Causing more than 200000 annual death, typhoid fever is a health problem, especially in areas with low sanitation (33). Vaccination is a good strategy to protect against the disease and at the moment there are commercial vaccines to avoid typhoid fever; however, because of the relatively low efficiency of the available vaccines, there is a great need to work on the development of new ones (34). Many Salmonella antigens and immunogens have been introduced, including FliC, a flagellar protein with a potent immunization property (35, 36). In the present study, B. subtilis spores are proper vehicles for the delivery of FliC protein, a vaccine candidate against Salmonella enterica serovar Typhi. Loading the live spores with this protein elicited IgG production (with an average OD of 2.3) in immunized mice. The challenge of test and control animals showed that the delivery of FliC protein by B. subtilis spores can confer protective immunity to the mice (P<0.0001).

This is the first study that exploits B. subtilis spores as a delivery vehicle as well as an immunostimulatory agent for a vaccine candidate against S. enterica serovar Typhi. Indeed, it is the first time that the immunogenicity of recombinant FliC protein is investigated against S. enterica serovar Typhi. However, the efficiency of B. subtilis spores (both killed and live ones) has been proved in different studies. Surface display of immunogens is a mostly used strategy for this regard. For example, Dai et al. expressed OmpC protein of Salmonella serovar Pullorum on the surface of B. subtilis spores and showed that the oral administration of the formulation to mice stimulates the humoral immune response and protective immunity against S. enterica serovar Typhimurium is elicited (37). The expression of a surface immunogenic protein (Sip) of Streptococcus agalactiae and its administration to tilapia is able to cause an effective humoral immune response and confer good protective response to the bacterial infection (38). However, there are studies loaded specific antigens on the spores and evaluated the immunogenicity of the formulation. Song et al. used HA from killed H5N1 virions to load killed B. subtilis spores and use the formulation to immunize mice. The formulation was able to stimulate both innate and acquired immunity. All treated mice were able to tolerate 20 LD50 of H5N2 virus (39).
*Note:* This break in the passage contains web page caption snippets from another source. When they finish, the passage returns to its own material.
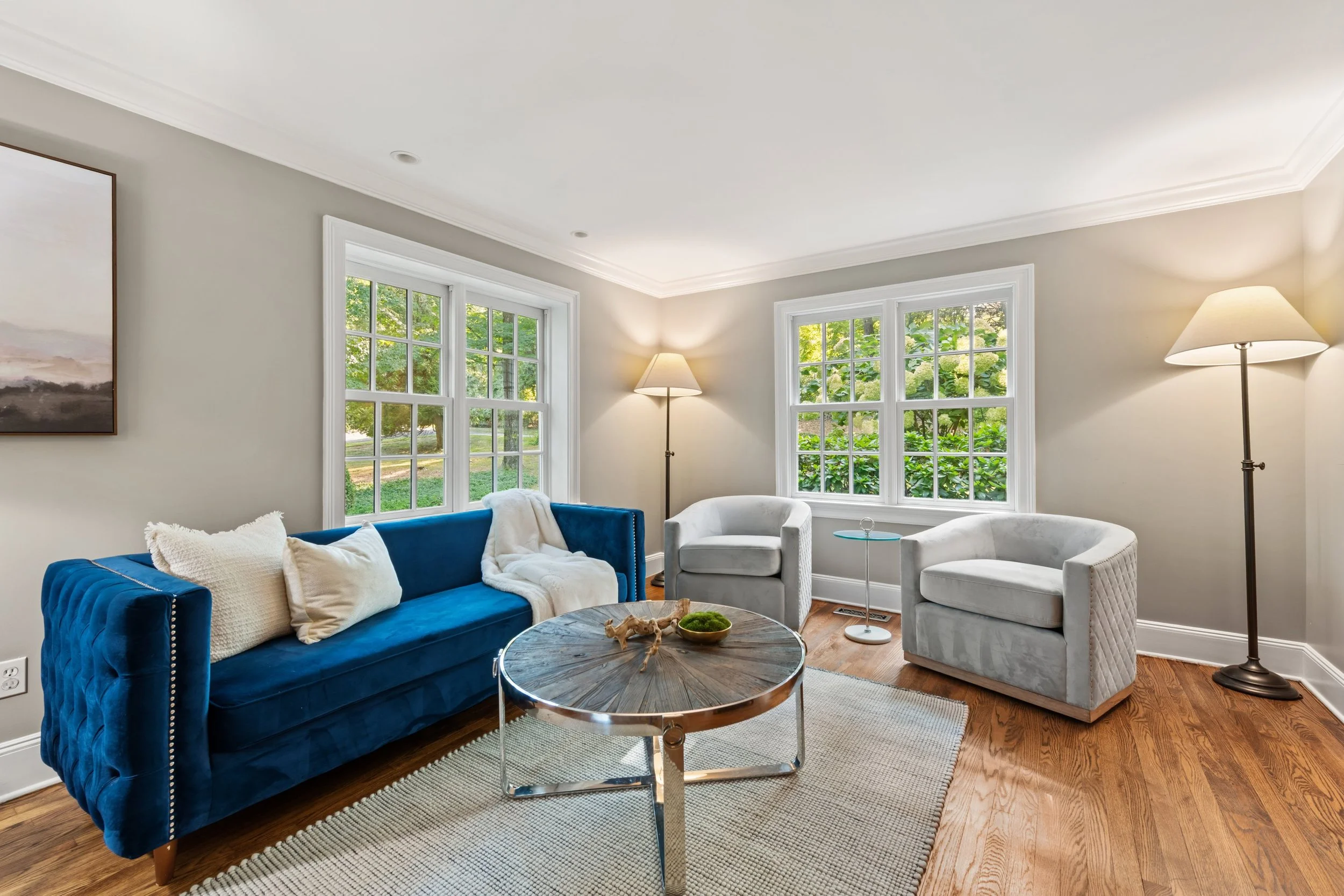 Living-room_025-304ChestnutHillRoad-Wilton-CT-06897-SMALL.jpg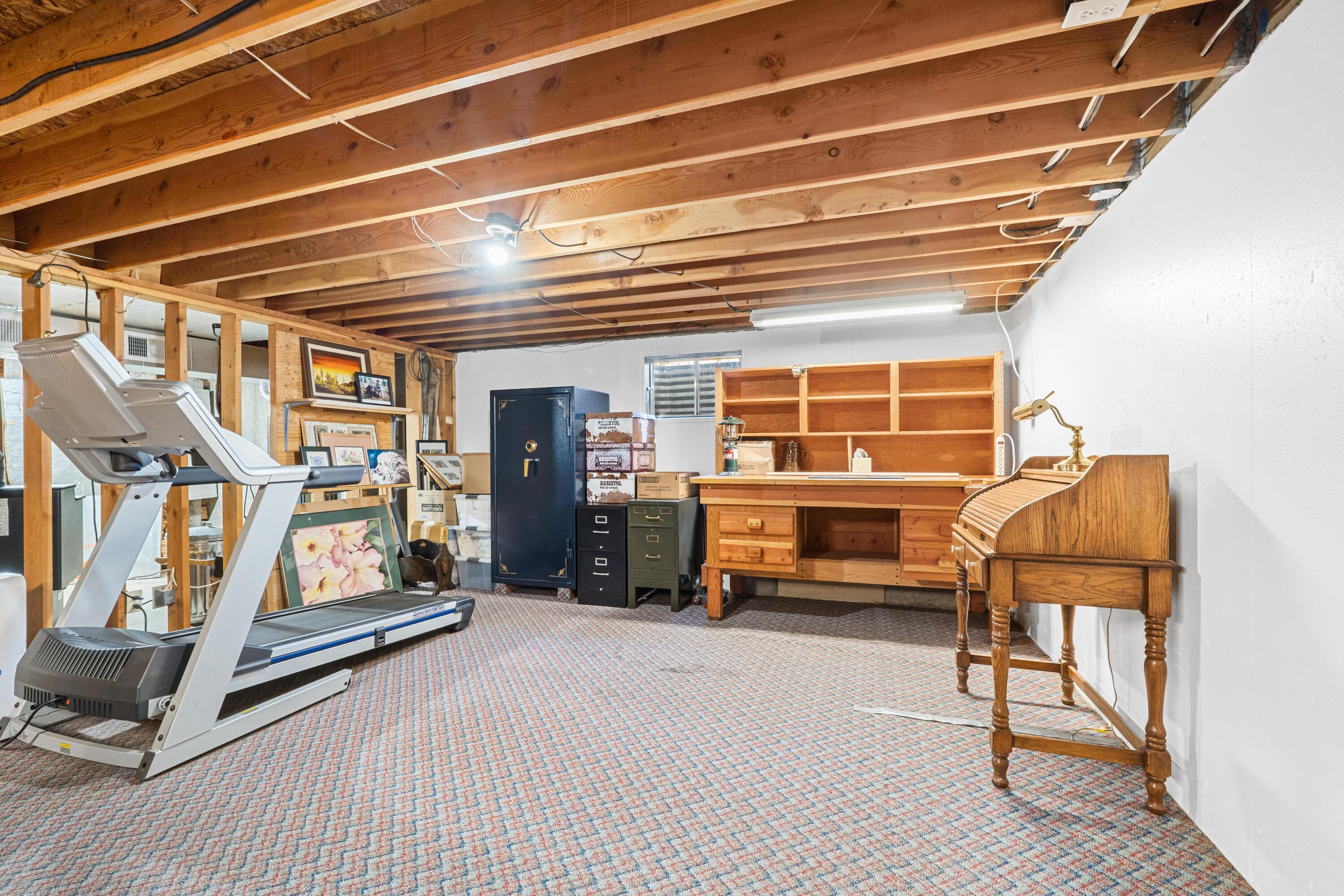 
                        Property photograph at
                        1114 N STOHR RD
                      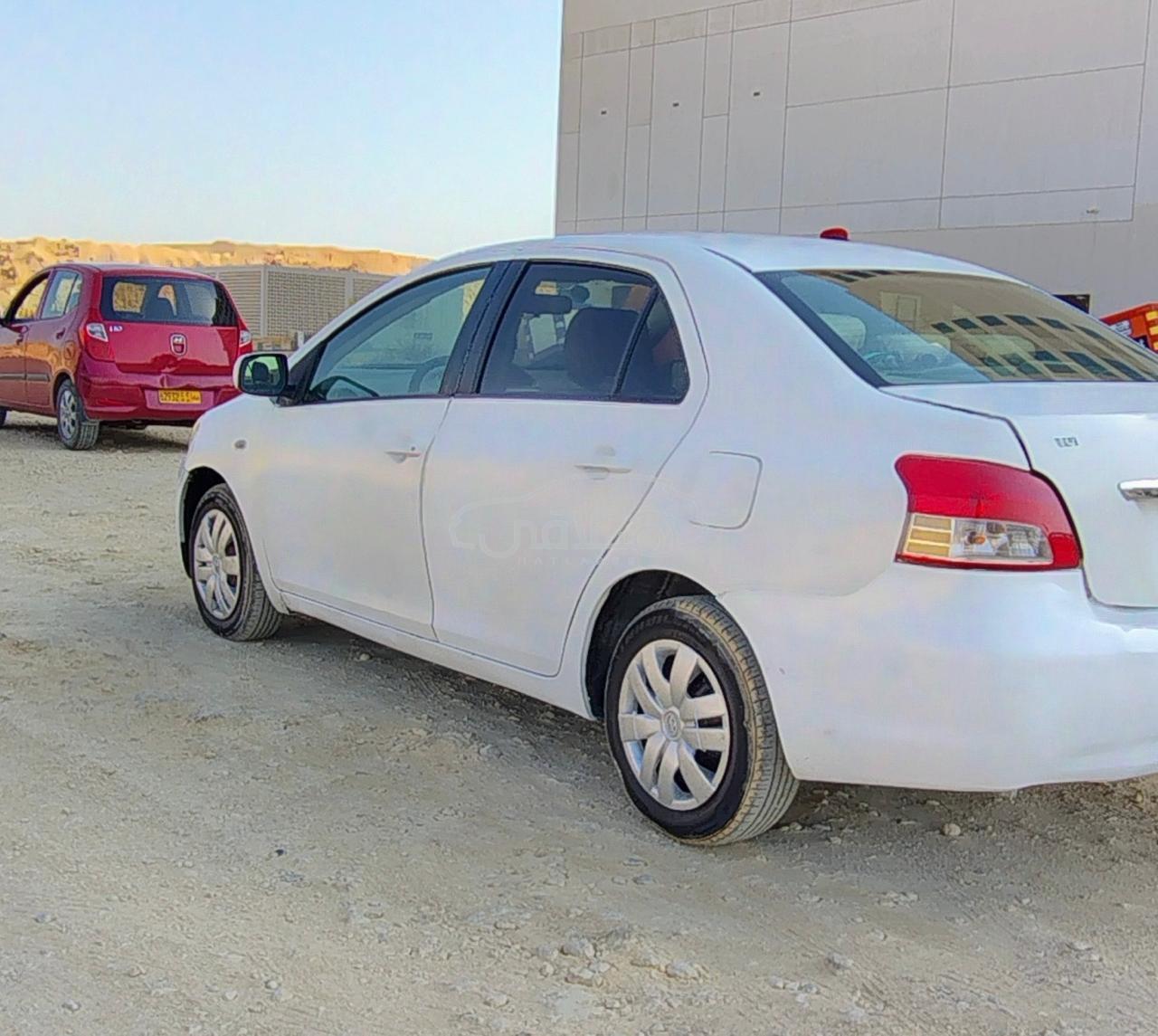تويوتا ياريس 2008 للبيع السيب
Although recombinant FliC protein can stimulate the antibody production in mice and these antibodies were able to detect the native FliC in clinical samples, however, as stated before, this is the first report that investigates the immunogenicity and protective effect of FliC protein against S. enterica serovar Typhi. The efficiency of FliC protein as a vaccine candidate against S. enterica serovar enteritidis has been investigated and proved. The recombinant FliC protein from S. enteritidis can protect the chickens against homologous challenges (40).

Conclusion

The results of our work showed the efficiency of FliC-loaded B. subtilis spores as a vaccine candidate against S Typhi.

Ethical considerations

Ethical issues (Including plagiarism, informed consent, misconduct, data fabrication and/or falsification, double publication and/or submission, redundancy, etc.) have been completely observed by the authors.